Ist dem so? Gibt es dafür aussagekräftige Beispiele?
Weitaus konkreter werden jene, die der PR quasi die Rolle eines Hütehundes zuweisen, der das Marketing vor Torheiten bewahren soll. Bewege das Marketing sich doch seit geraumer Zeit in einem dynamischen Umfeld - den sozialen Medien – in dem Menschen unmittelbar auf Marketing-Maßnahmen reagieren können. Nicht zuletzt mit Shitstorms, wenn ein Clip, ein Plakat oder ein Slogan als rassistisch, sexistisch, frauenfeindlich oder in anderer Weise als diskriminierend interpretiert wird. Beispiele für derartige Missgriffe gab es in den vergangenen Jahren einige. Doch erfordert das Verhindern dieser Fehlleistungen tatsächlich das Zusammenlegen der beiden Abteilungen? Wenn sie gut kommunizieren, gehört zum Informationsfluss auch eine Abstimmungsrunde bei größeren Kampagnen, bei der eventuelle Risikofaktoren angesprochen und gegebenenfalls beseitigt werden.
Ich denke, das Marketing bedarf keiner kontinuierlichen Kontrollinstanz.
Online-Kommunikation ebnet die Unterschiede nicht ein
Wieder andere sagen, die Digitalisierung, die sozialen Medien, die Online-Kommunikation insgesamt habe die Grenze zwischen PR und Marketing eingerissen und zu einem starken Vermischen der Inhalte geführt.

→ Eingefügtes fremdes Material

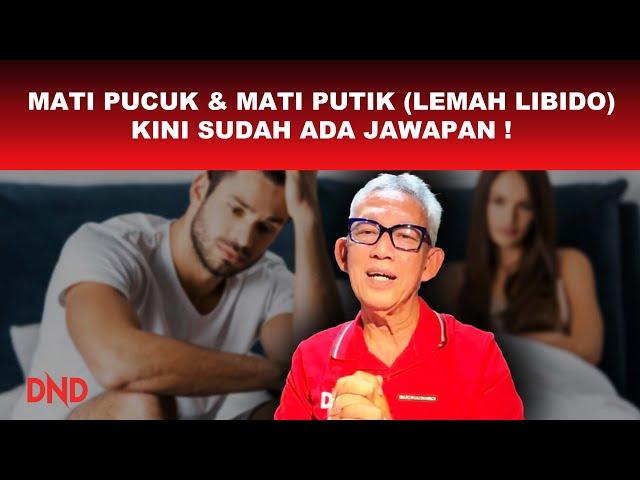 MATI PUCUK & MATI PUTIK (LEMAH LIBIDO), KINI SUDAH ADA JAWAPAN!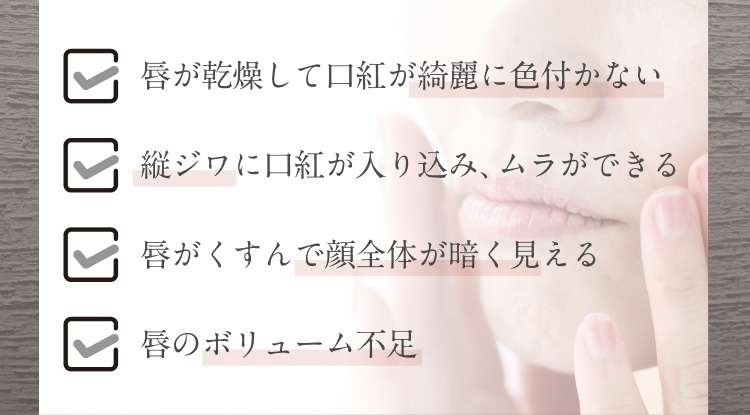 唇が乾燥して口紅が綺麗に色付かない　縦ジワに口紅が入り込み、ムラができる　唇がくすんで顔全体が暗く見える　唇のボリューム不足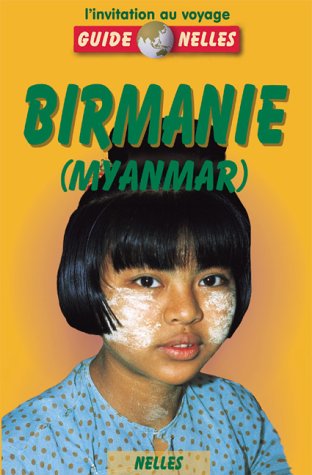 Birmanie (Myanmar)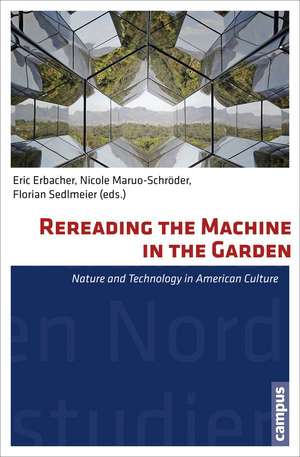 Rereading the Machine in the Garden: Nature and Technology in American Culture de Eric C. Erbacher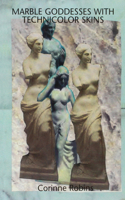 Marble Goddesses with Technicolor Skins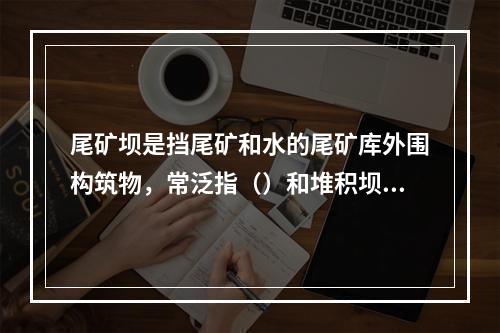 尾矿坝是挡尾矿和水的尾矿库外围构筑物，常泛指（）和堆积坝的总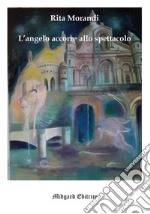 L'angelo accorre allo spettacolo libro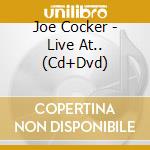 Joe Cocker - Live At.. (Cd+Dvd) cd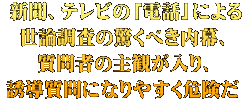  新聞、テレビの「電話」による 世論調査の驚くべき内幕、 質問者の主観が入り、 誘導質問になりやすく危険だ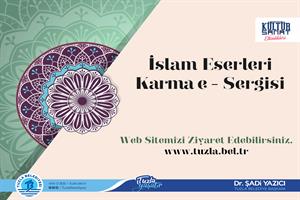 İslam Eserleri Karma e-Sergisi
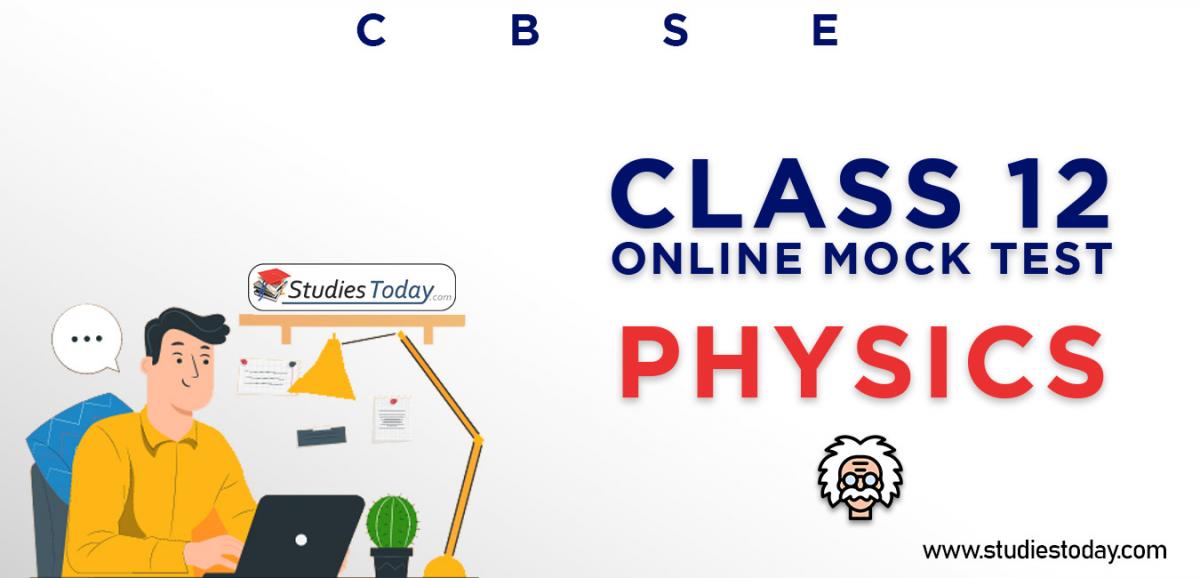 CBSE Class 12 Physics Online Mock Test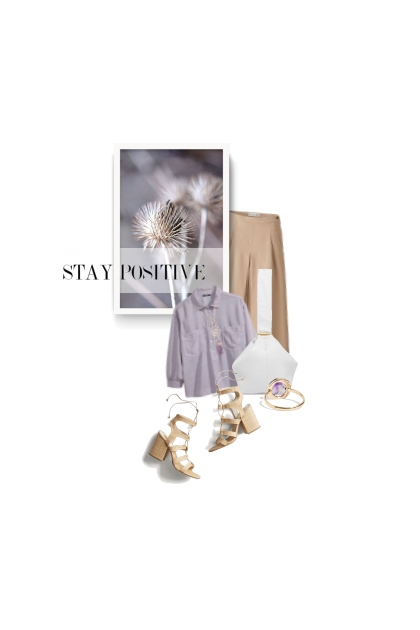 Stay Positive- Combinazione di moda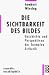 Die Sichtbarkeit des Bildes: Geschichte und Perspektiven der formalen Ästhetik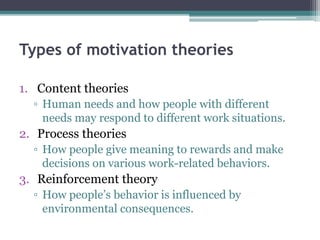 Types of motivation theories
1. Content theories
▫ Human needs and how people with different
needs may respond to different work situations.
2. Process theories
▫ How people give meaning to rewards and make
decisions on various work-related behaviors.
3. Reinforcement theory
▫ How people’s behavior is influenced by
environmental consequences.
 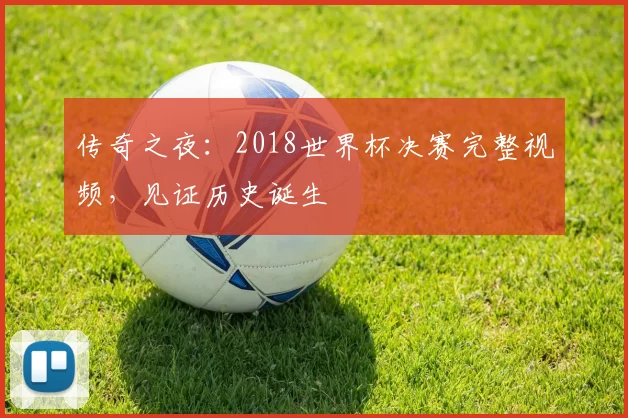 传奇之夜:2018世界杯决赛完整视频,见证历史诞生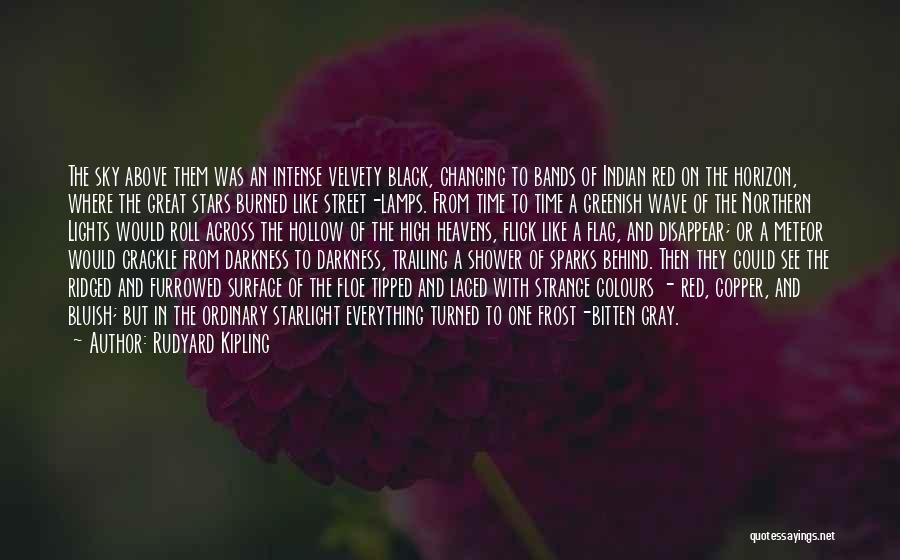 Rudyard Kipling Quotes: The Sky Above Them Was An Intense Velvety Black, Changing To Bands Of Indian Red On The Horizon, Where The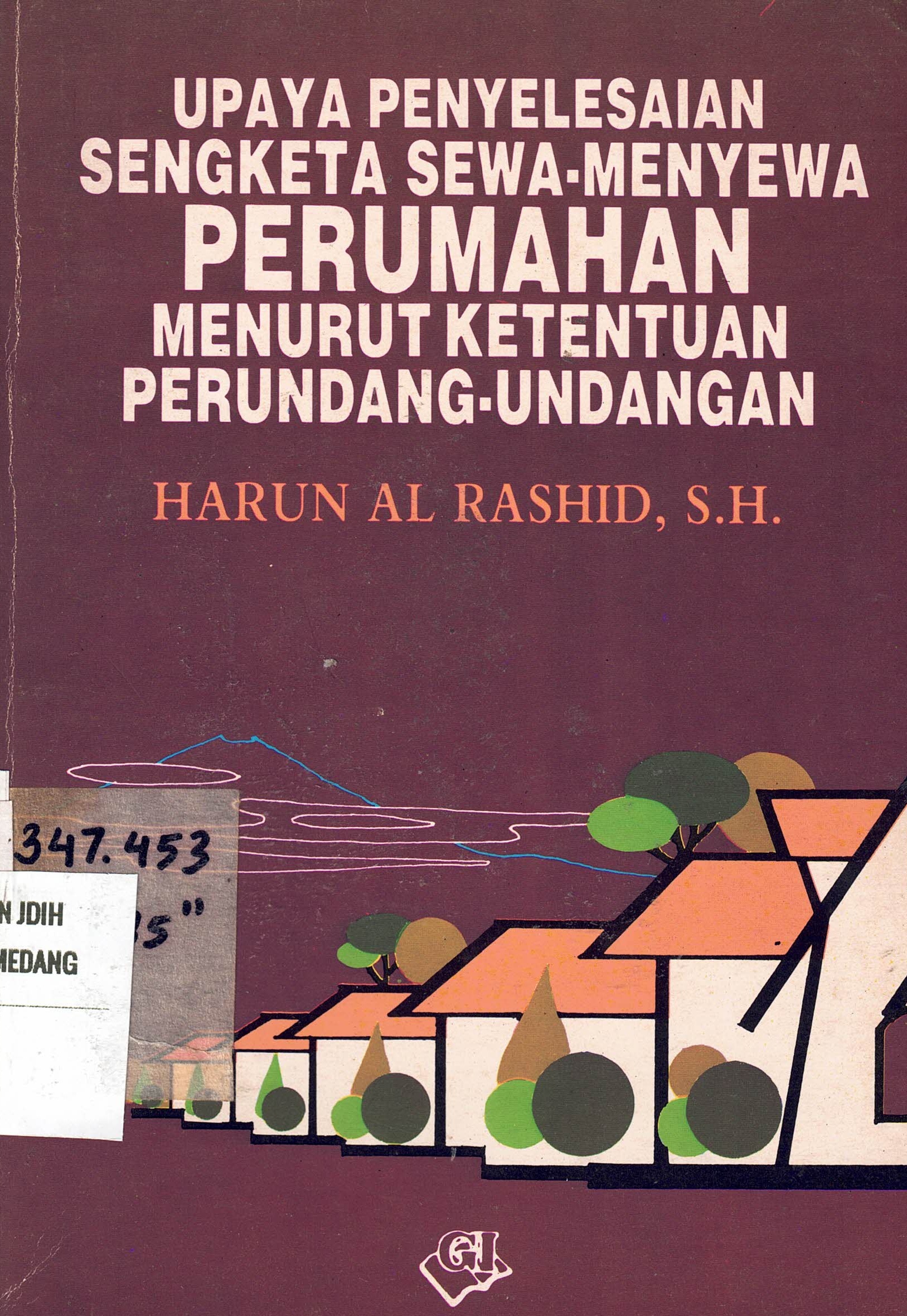 Upaya Penyelesaian Sengketa Sewa-Menyewa Perumahan Menurut Ketentuan Perundang-undangan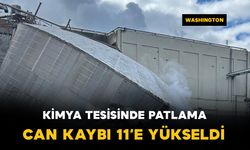 Kimya tesisindeki patlamada can kaybı 11'e çıktı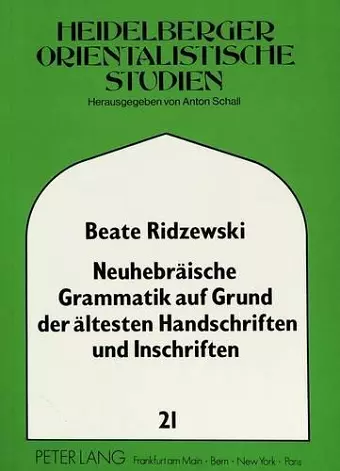 Neuhebraeische Grammatik Auf Grund Aeltester Handschriften Und Inschriften cover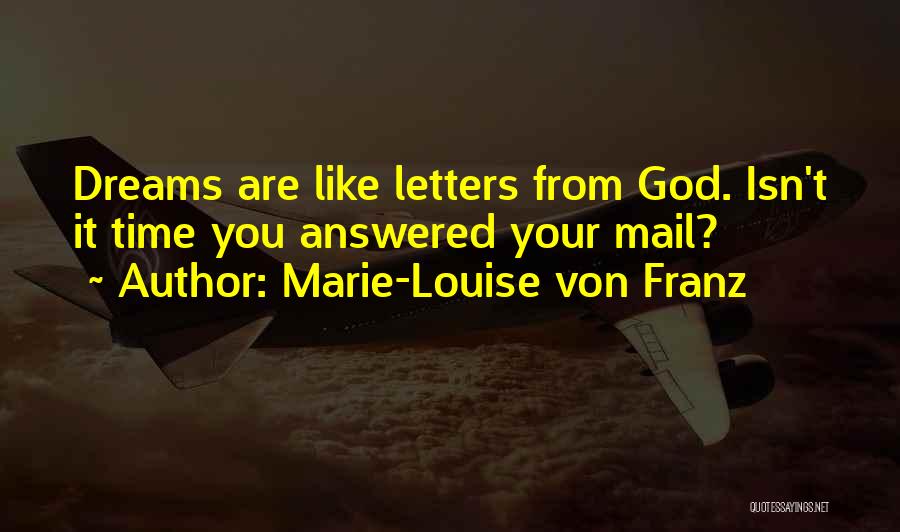 Marie-Louise Von Franz Quotes: Dreams Are Like Letters From God. Isn't It Time You Answered Your Mail?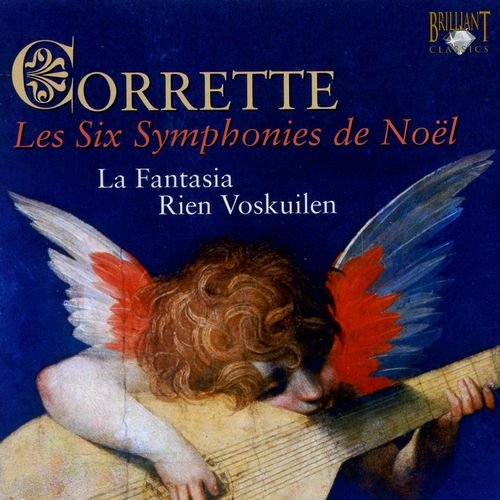 La Fantasia, Rien Voskuilen - Corrette - Les Six Symphonies de Noel (1996)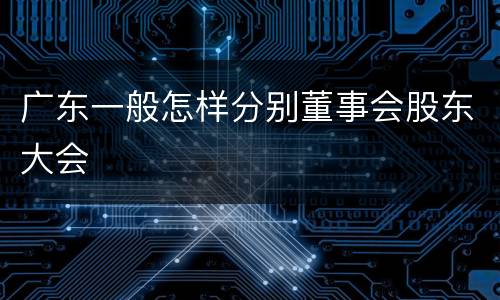 广东一般怎样分别董事会股东大会
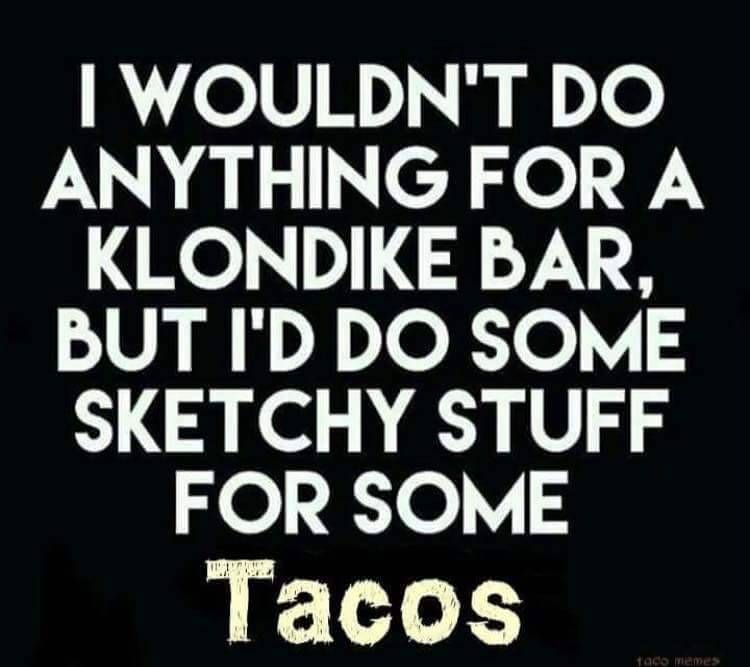 taco tuesday pics -taco tuesday quote - I Wouldn'T Do Anything For A Klondike Bar, But I'D Do Some Sketchy Stuff For Some Tacos tado memes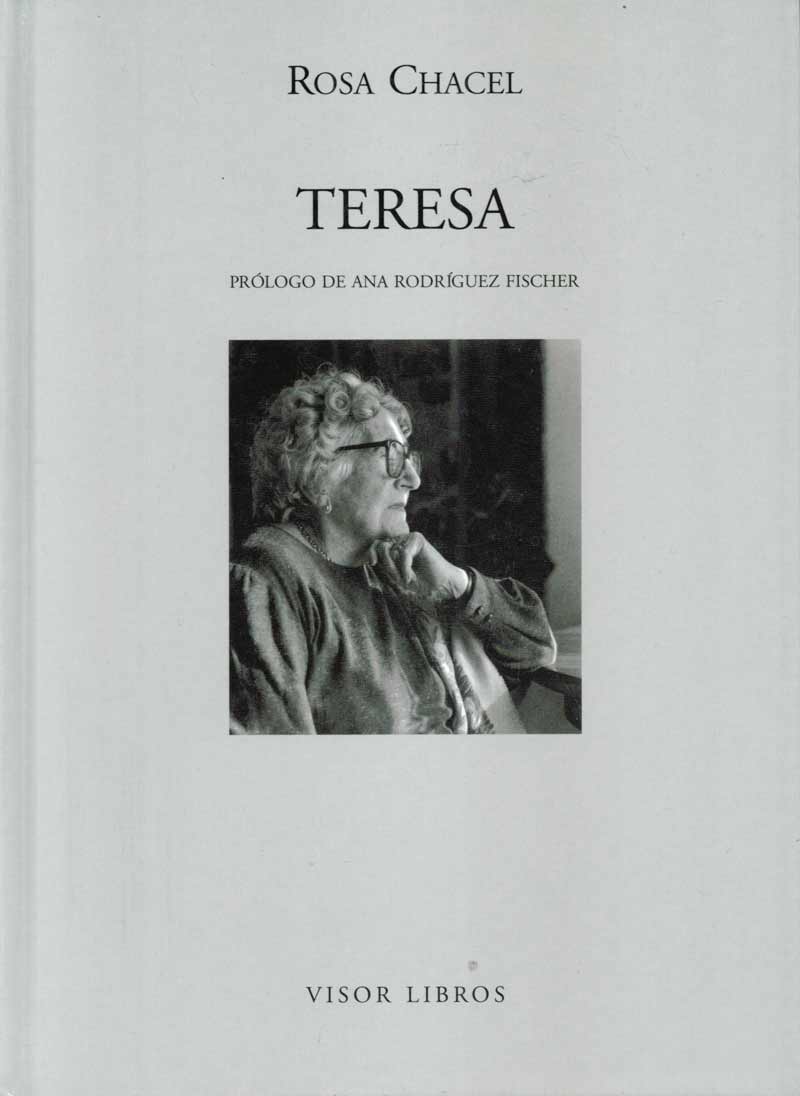 Teresa por Rosa Chacel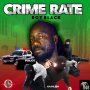 ROY BLACK - CRIME RATE - SINGLE #ITUNES 8/28/2020 @MOVEUPRECORDS #APPLEMUSIC #SPOTIFY #TIDAL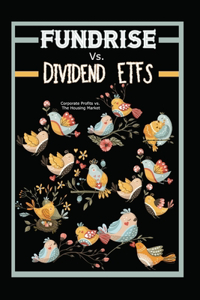 Fundrise vs. Dividends ETFs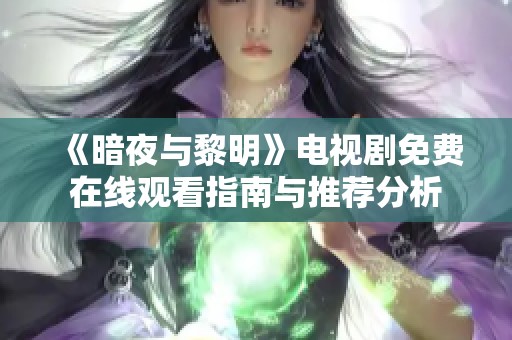 《暗夜与黎明》电视剧免费在线观看指南与推荐分析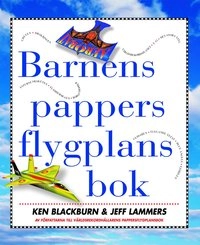 Barnens pappersflygplansbok; Ken Blackburn; 2006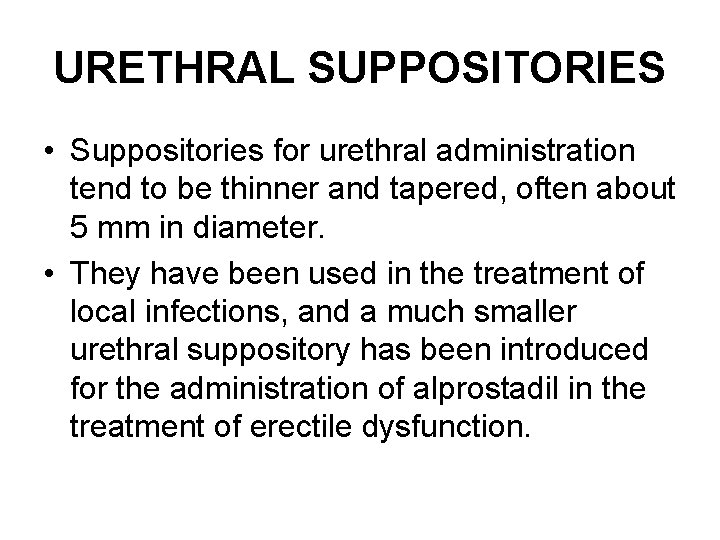 URETHRAL SUPPOSITORIES • Suppositories for urethral administration tend to be thinner and tapered, often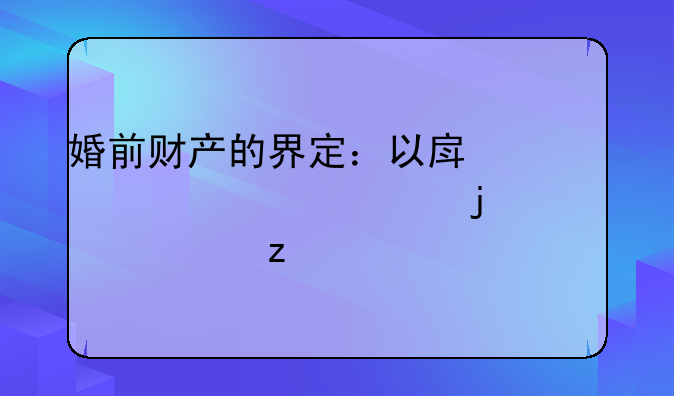 婚前财产的界定：以房产证为准的深度解析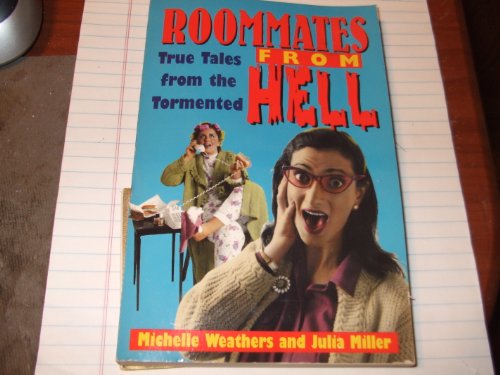 Beispielbild fr Roommates from Hell: True Tales from the Tormented zum Verkauf von Half Price Books Inc.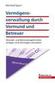Vermögensverwaltung für Vormund und Betreuer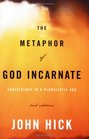 The Metaphor of God Incarnate Christology in a Pluralistic Age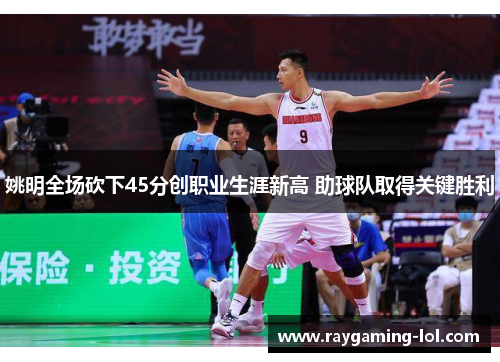 姚明全场砍下45分创职业生涯新高 助球队取得关键胜利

Das mache eine weitere Trennung von Marketing und PR unmöglich. Ich halte das für sehr steile Thesen. Als ob sämtliche Ziel- bzw. Dialoggruppen plötzlich in einen Topf geworfen oder – andere Assoziation – aus einem Topf gefüttert werden könnten. Nein, beides trifft auch weiterhin nicht zu. Marketing und PR haben auch künftig verschiedene Aufgaben, andere Ziele und unterschiedliche Zielgruppen. Das Nutzen gemeinsamer Kanäle führt nicht zum Einebnen der Unterschiede.
Weitere Argumente: Interdisziplinäre Teams können auf mehreren Ebenen agil arbeiten, was die Zusammenarbeit verbessert und zu einer besser verzahnten Außenkommunikation führt. Oder: Kommunikation aus einem Guss führt dazu, dass Kunden kanalübergreifende Botschaften positiv wahrnehmen und deren Mehrwert schneller einordnen können.
Vielleicht liege ich völlig daneben, aber ich höre in derartigen Hinweisen immer das Marketing erheblich stärker durch als die PR. Profitiert die auch?
Kooperieren statt fusionieren
Um zum Ende zu kommen: Bekanntlich haben einige Konzerne ihre PR- und Marketing-Abteilungen zusammengelegt. Ob das für sie ein Qualitätssprung bedeutet, vermag ich nicht zu beurteilen. Auch nicht, ob sie damit Synergien heben und Kostenvorteile realisieren können. Aus meiner Erfahrung weiß ich: Es gibt mittelständische und große Unternehmen, in denen die PR und das Marketing in jenen Bereichen sehr gut kooperieren, in denen es erforderlich ist. Das ist für mich das Ideal. In anderen Organisationen knirscht die Zusammenarbeit. Ob dort eine Fusion Abhilfe schafft, wage ich zu bezweifeln.